Task item
After finding "Guide Vélo - France, Echappées" in the data, write out its line and all following lines without change, up to and including the last one. Leave out pictures.

Extracted records
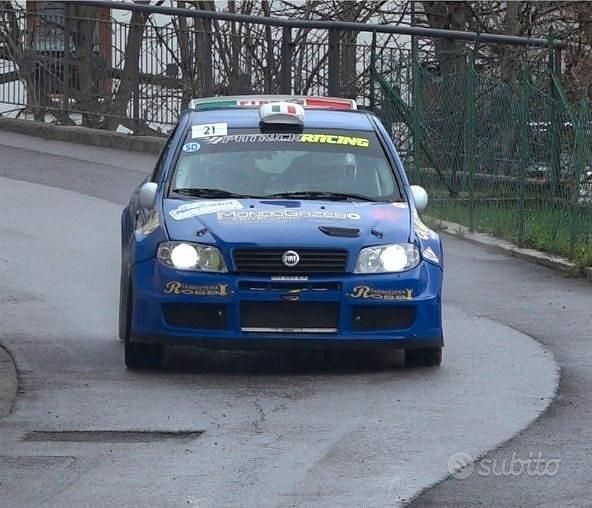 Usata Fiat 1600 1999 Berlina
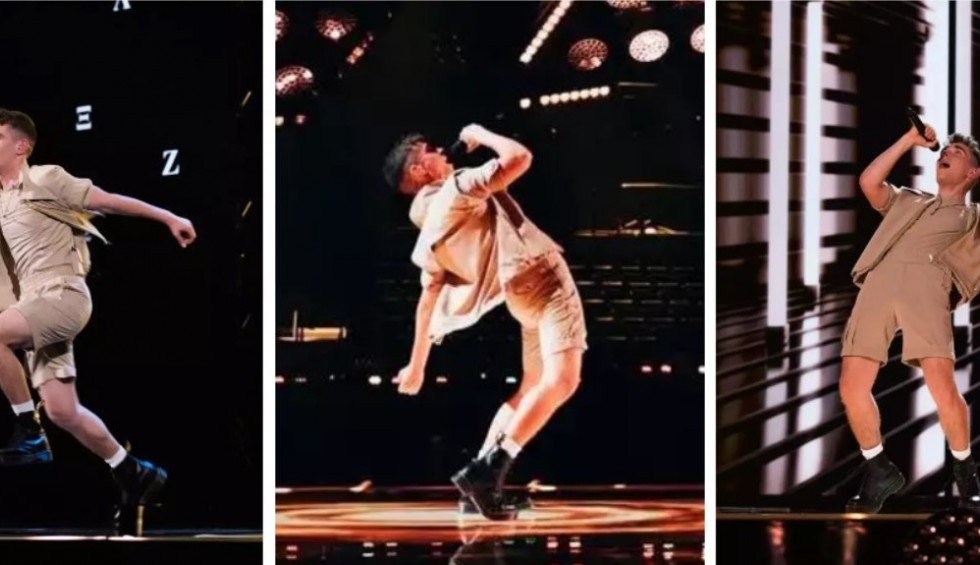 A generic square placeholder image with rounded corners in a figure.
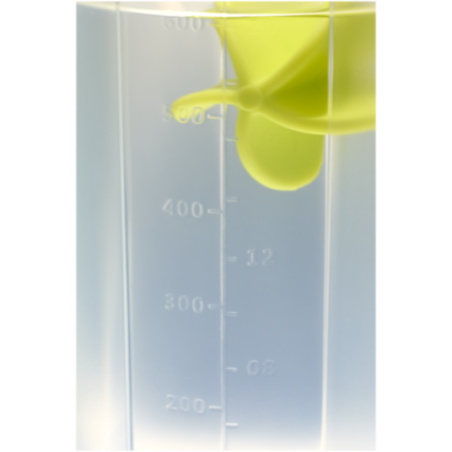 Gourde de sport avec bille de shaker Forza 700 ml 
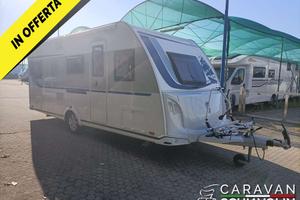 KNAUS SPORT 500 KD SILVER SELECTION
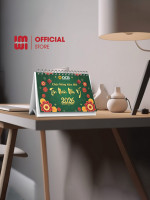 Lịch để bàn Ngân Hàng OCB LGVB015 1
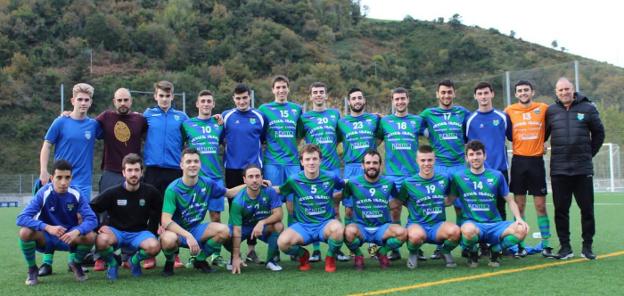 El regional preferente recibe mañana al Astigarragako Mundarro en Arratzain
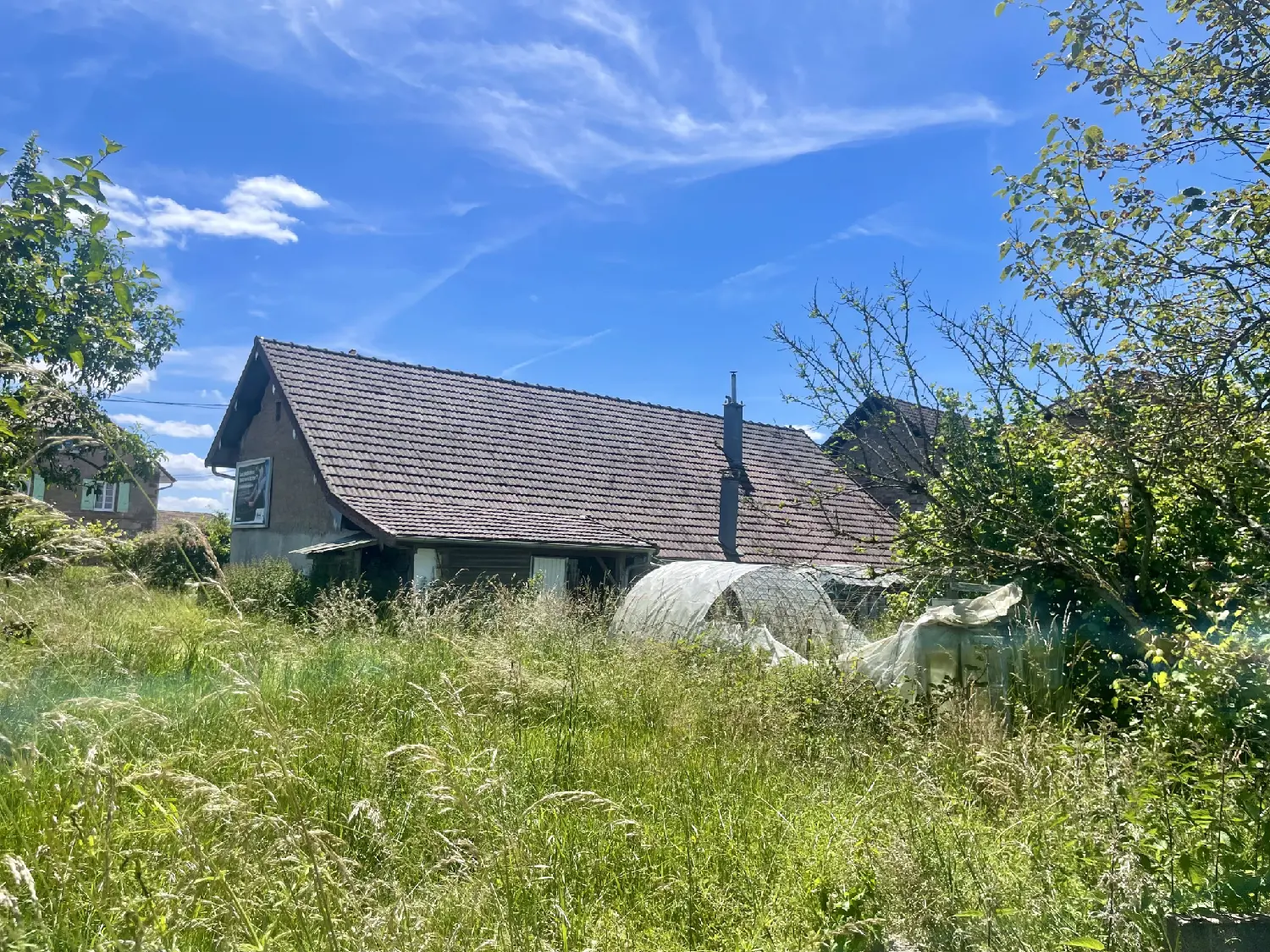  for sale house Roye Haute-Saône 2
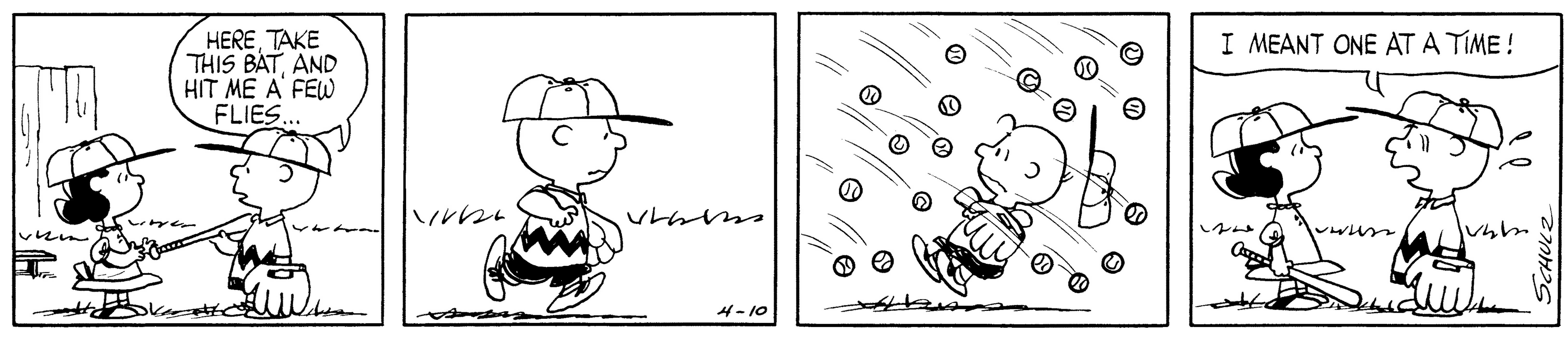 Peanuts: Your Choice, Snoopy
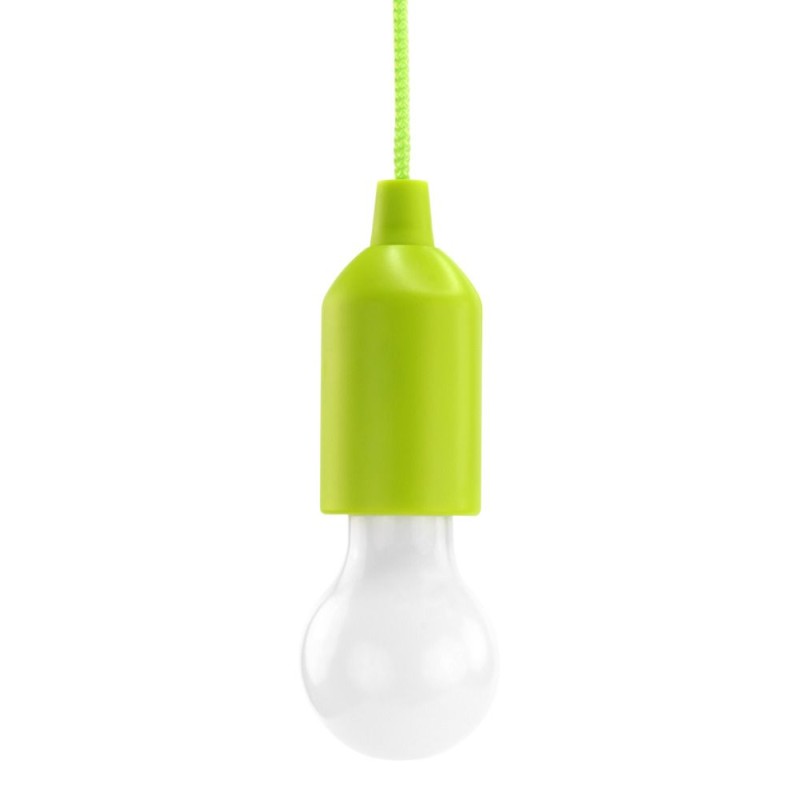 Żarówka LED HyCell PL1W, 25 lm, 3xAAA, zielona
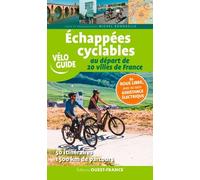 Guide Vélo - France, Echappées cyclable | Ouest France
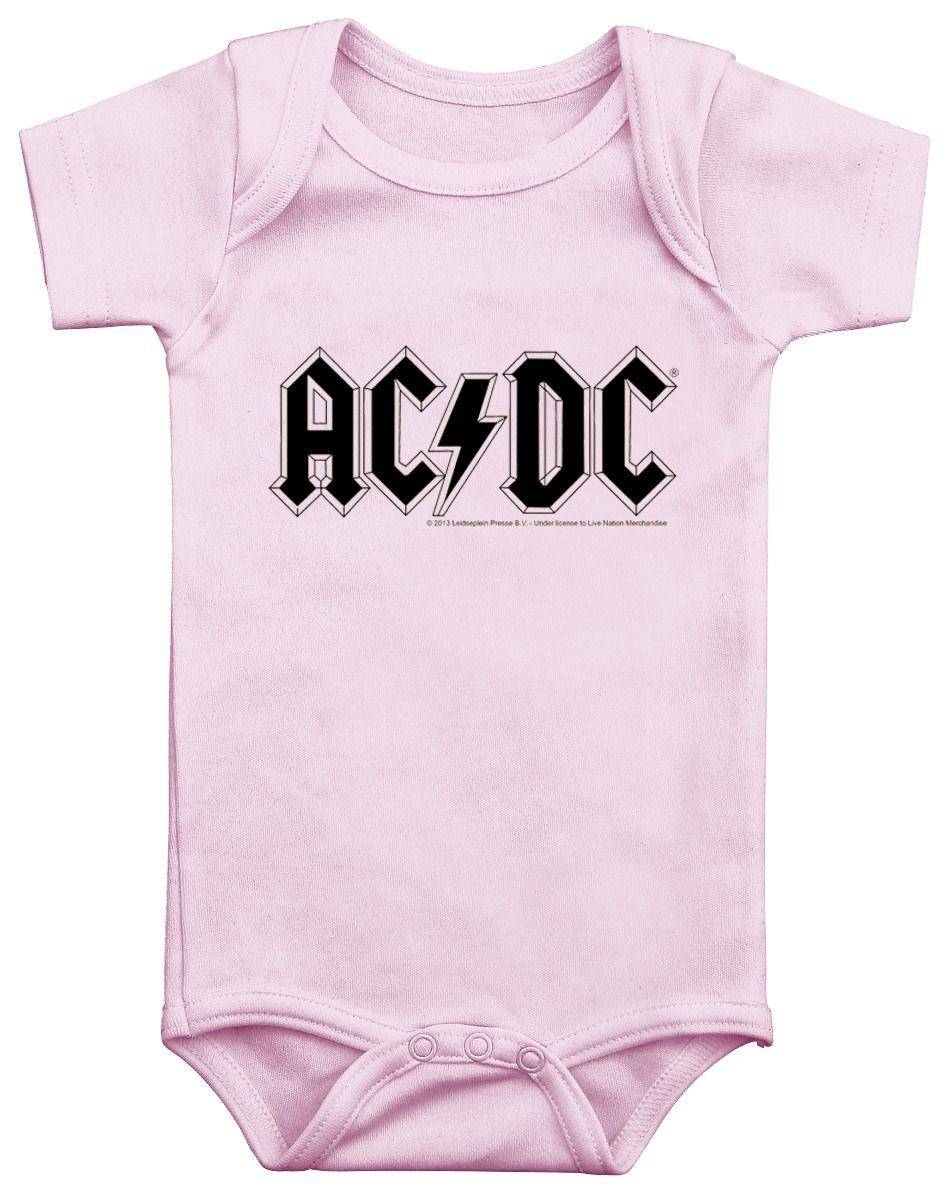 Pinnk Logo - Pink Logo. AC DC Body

The answer
 Guide Vélo - France, Echappées cyclable | Ouest France
 Pinnk Logo - Pink Logo. AC DC Body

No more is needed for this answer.